Junpei Shiina (椎名 純平, Shiina Junpei), is a Japanese rhythm and blues singer and songwriter, and older brother to the musician Ringo Sheena. Debuting as a soloist in 1999, Shiina released four albums with major label Sony Music Japan between 2001 and 2004, later signing a contract with R and C to release his fourth album Cruisin (2006). In 2008 Shiina formed the band Junpei Shiina & The Soul Force, who renamed themselves Dezille Brothers in 2010, releasing their debut album Dashi no Torikata through King Records in the same year.

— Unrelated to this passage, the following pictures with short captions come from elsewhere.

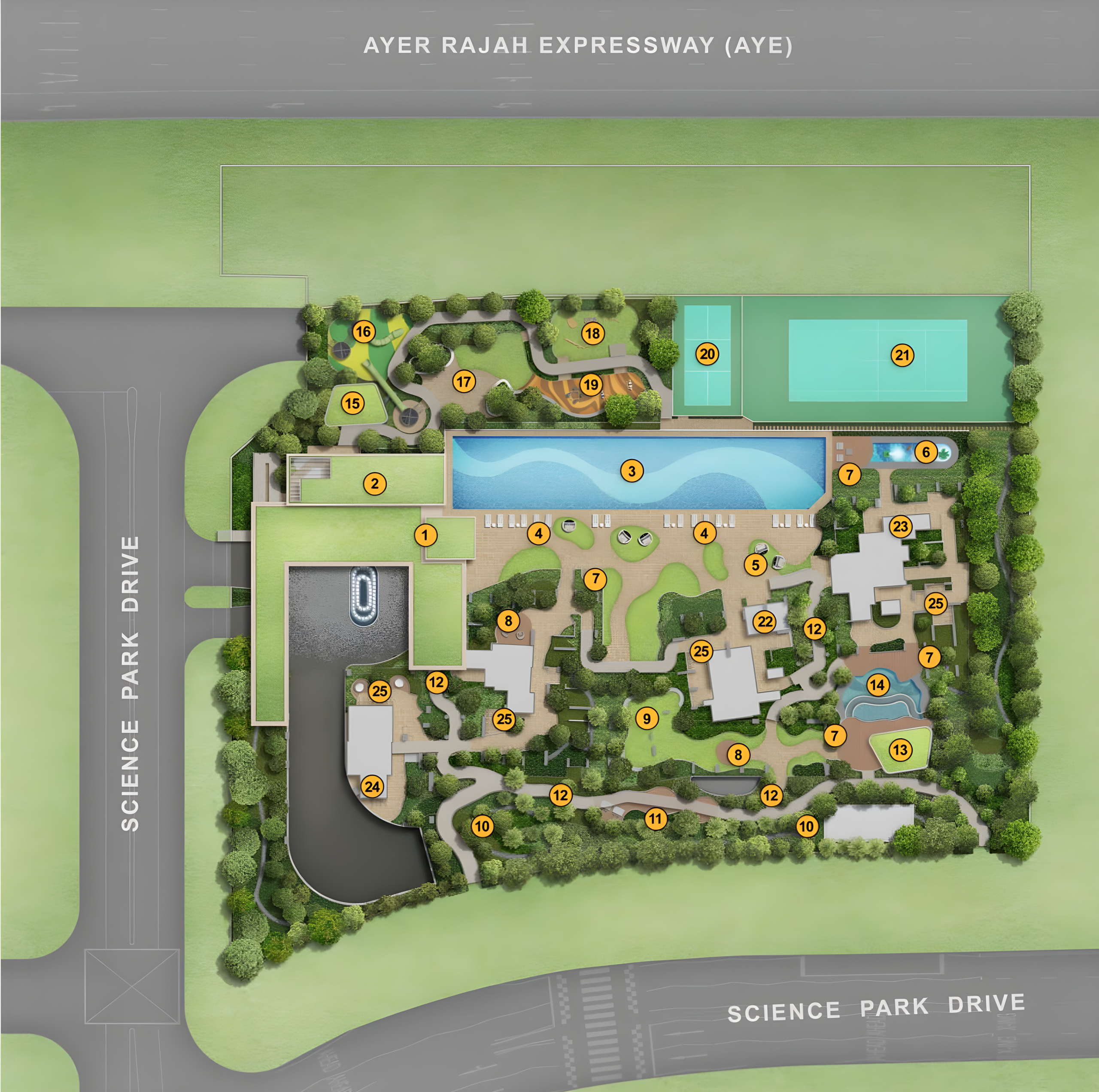LyndenWoods Facilities Site Plan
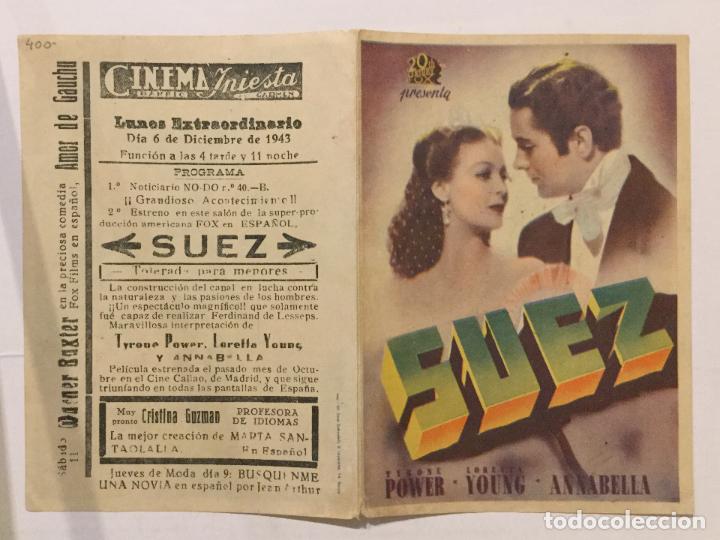 Cine: PROGRAMA DOBLE DE CINE SUEZ. CINEMA INIESTA. - Foto 1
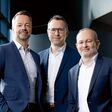 KNAPP-Vorstandsteam (v.l.n.r.): KNAPP-COO Franz Mathi, KNAPP-CFO Christian Grabner, KNAPP-CEO Gerald Hofer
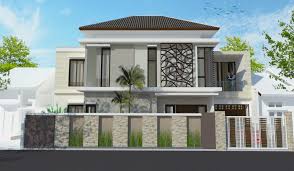Selanjutnya tampak depan rumah 2 lantai, masih mengusung minimalis modern. Desain Rumah Mewah 2 Lantai Modern Best Decoration Ideas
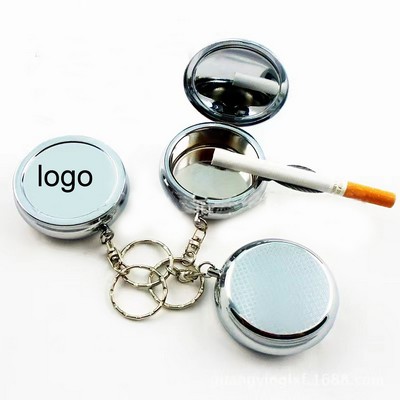 Foldable Mini Ashtray With Key Ring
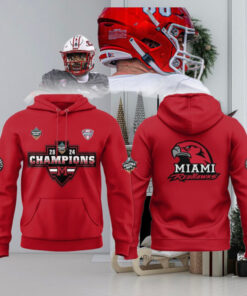 Miami RedHawks Football Arizona Bowl Celebration 2024 Hoodie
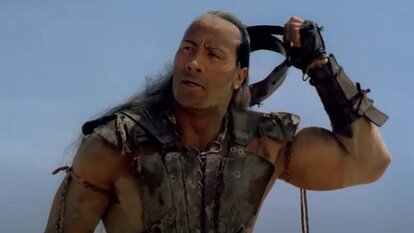 Dwayne "The Rock" Johnson in The Scorpion King (2002)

In 2014, Shiina formed the four member band Hitosarai with Tomotaka Imamichi.

Shiina has often collaborated with his sister Ringo Sheena by singing duets together, most notably the theme song of the Mika Ninagawa directed film Sakuran (2007), "Kono Yo no Kagiri".

== Biography ==

Junpei Shiina was born in Urawa, Saitama on August 6, 1974. He first began learning the piano at five years of age, and in high school became a part of his school's brass band, learning how to play the drums. In 1998 he began songwriting, and in 1999 won the grand prize at the Sony Music SDN 'The Another Goal '99' auditions. Shiina released his first album, Live, in December 1999 through the Sony Music Japan imprint Knockers Records, later debuting properly under Sony in November 2000 with the Shinichi Osawa-produced single "Sekai". His second single "Mujō" was used as an insert song for the Miho Kanno-starring drama Nisenichi-nen no Otoko Un.

Though Shiina often worked with producers, many of his songs were performed and arranged by himself, with his back-up band the Evil Vibrations: guitarist Ryosuke Nagaoka, drummers Takeshi Hatae and Toshiki Hata, bassist Tomohiko Ohkanda and Soil & "Pimp" Sessions member Tabu Zombie on trumpet. The Evil Vibrations recorded much of his debut album Shiina Junpei, which was released in July 2001. In 2002, Shiina collaborated with his sister Ringo Sheena on three cover duets, beginning with Toto's "Georgy Porgy", which they recorded together as a part of a special unit called Yokoshima, featuring Jumpei Shiina on keyboards and Ringo Sheena on chorus. The siblings both released cover albums in May 2002: Junpei Shiina's, Discover, featured a cover of Roberta Flack and Donny Hathaway's 1972 duet "Where Is the Love" sung with his sister, while Ringo Sheena's, Utaite Myōri: Sono Ichi, featured the pair dueting Marvin Gaye and Tammi Terrell's "The Onion Song" (1969). In addition to his sister, Shiina's album Discover featured collaborations with rapper Twigy, members of Tokyo Ska Paradise Orchestra and singer-songwriter Daisuke Kawaguchi.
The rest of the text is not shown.